Our Top 5 Les Paul Players – And How To Sound Like Them!

The iconic Les Paul has long been the tonal cornerstone for some of the most influential guitarists of all time. But what's the Yin to the Les Paul's Yang? We look back at some of our favourite episodes of Sound Like with Matt and Rabea to bring you some of the best gear to complement your Mahogany-bodied beauties...

Sam Beattie

Sam Beattie

The Gibson Les Paul is undoubtedly one of the Holy Grails of the guitar world. Its famed weighty sustain and buttery tone has left a timeless legacy and defined the sound of countless artists over the years. We decided to pick out 5 of our favourite Les Paul players a revisit how the Les Paul helped shape their sound. But what else did they use? If you’ve got a Les Paul, you might be wondering what your next bit of gear will be to find that sound in your head. With the help of Matt & Rabea, we delve into the best gear that perfectly complements the Les Paul – whatever it takes to get you the sound that you seek!

Gary Moore

Our list begins with the late, great Gary Moore. Widely considered one of the most influential blues players of all time, Moore’s influence extends far beyond the blues arena. He had lengthy stints with Skid Row & Thin Lizzy (as well as handling guitar duties for Phil Lynott’s solo material). It’s undeniable that he left a lasting impression on the guitar world. It’s no secret that his expressive playing style shaped his sound, but the gear played a huge part.

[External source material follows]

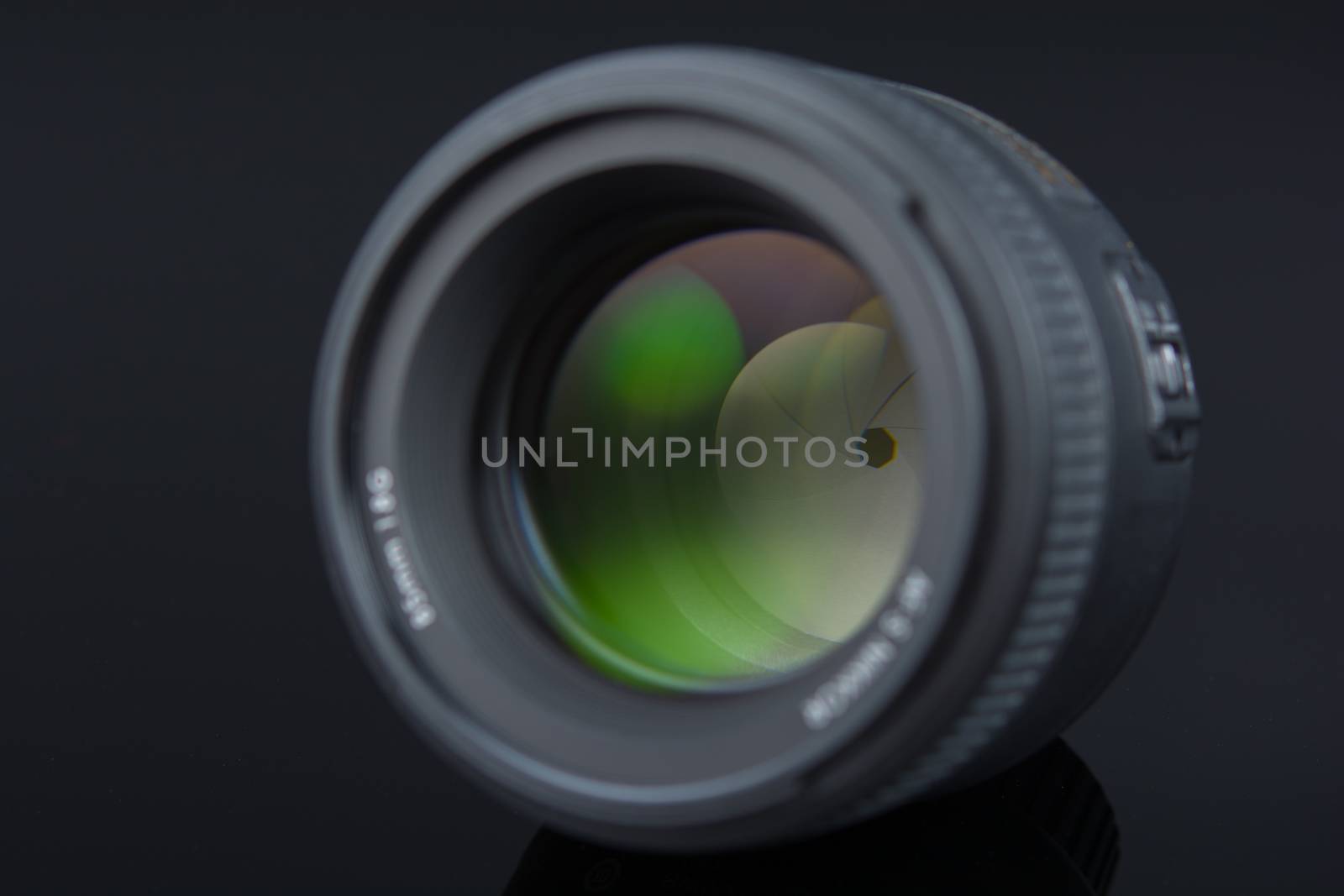Photographer Camera Lens isolated on black background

First up, the Gibson Les Paul. Moore played a number of guitars in his time, but his 1959 Les Paul Standard offered that famous soaring sustain and gloriously warm PAF-style sound. Rabea and Matt chose a ‘50s Tribute Les Paul, but any humbucker-loaded Mahogany body Les Paul will do the trick. Bonus points for vintage pickups and non-weight relieved models for extra sustain!

In terms of amps and pedals, any vintage British-style valve amp will do the trick. Moore’s backline usually consisted of some Marshall Plexi or Hiwatt action. He used an original TS808 to enrich the front end of the amp, which again added to his famed saturated sustain. Rabea and Matt went for an Egnater Tweaker valve combo, with a TS808 reissue, Boss Reverb and Tone City delay for huge ambience. Well done boys!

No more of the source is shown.